Correspondence with Walter Jockisch is preserved in the estate of the stage designer and theatre director Wilhelm Reinking in Deutsches Literaturarchiv Marbach (DLA), also in the private archive of Dr. med. dent. Achim Knolle in Löhne.

== Works ==
- as Walther Jockisch: Andreas Gryphius und das literarische Barock, Phil. Diss. Friedrich-Wilhelms-Universität zu Berlin 1929. Erschienen in Germanische Studien, fascicule 89, Emil Ebering, Berlin 1930, , (Cover page 1)
- ders.: Die Glückskinder. Steyer Verlag, Wiesbaden / Munich
- as Walter Jockisch: Boulevard Solitude, music Hans Werner Henze, libretto Grete Weil, Szenarium Walter Jockisch. Schott, Mainz 1976, ISBN 3-7957-3352-9.

== Research note ==
Due to the similarity of the name, Walter Jockisch is often confused with the actor Walter Jokisch, who also worked as a theatre director.
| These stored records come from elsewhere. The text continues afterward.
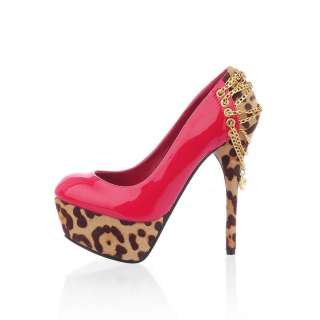   Leopard Patent Platform Pumps High Heels Women Shoes UK Size 2 6 X318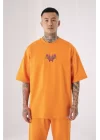 Unisex Butterfly Pamuklu Oversize Electric Orange Tişört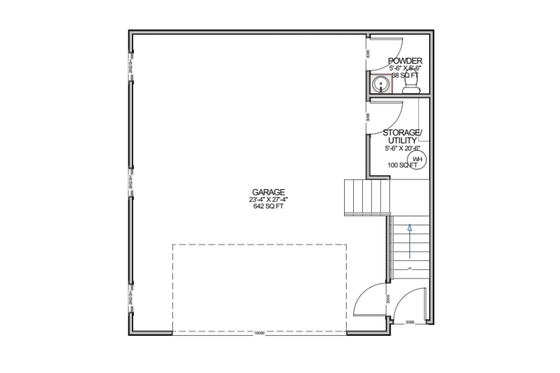 Floor Plan - Lower Floor for Contemporary House Plan #1116-12 - 2 bed, 1.5 bath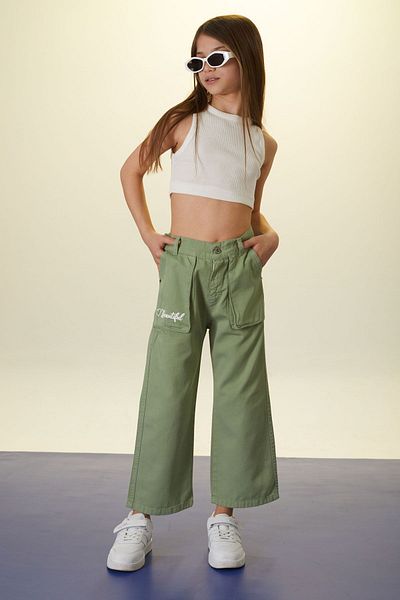 Cansın Mini Green Beautiful Written Wide Leg Girl's Linen Trousers 18445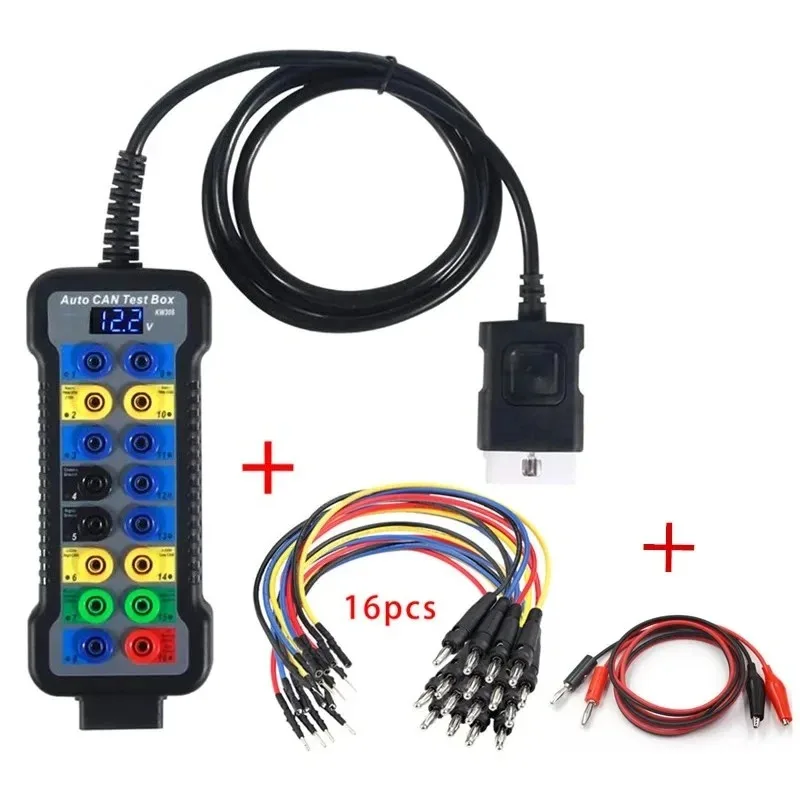 OBD Breakout Box Diagnostic Tools With  Extension Cable, Digital Voiture OBD2 Tester For 16 Pin Voltag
Walter Jockisch is also partly recorded in the spelling Walther Jockisch, for example in his own dissertation of 1929, published in 1930. Additionally, the fact that his father Dr. med. Franz Max Louis Paul Jockisch was registered in the contemporary address books for Danzig and Frankfurt in the spelling Jokisch, Max, appears confusing, deviating from the civil registry entries.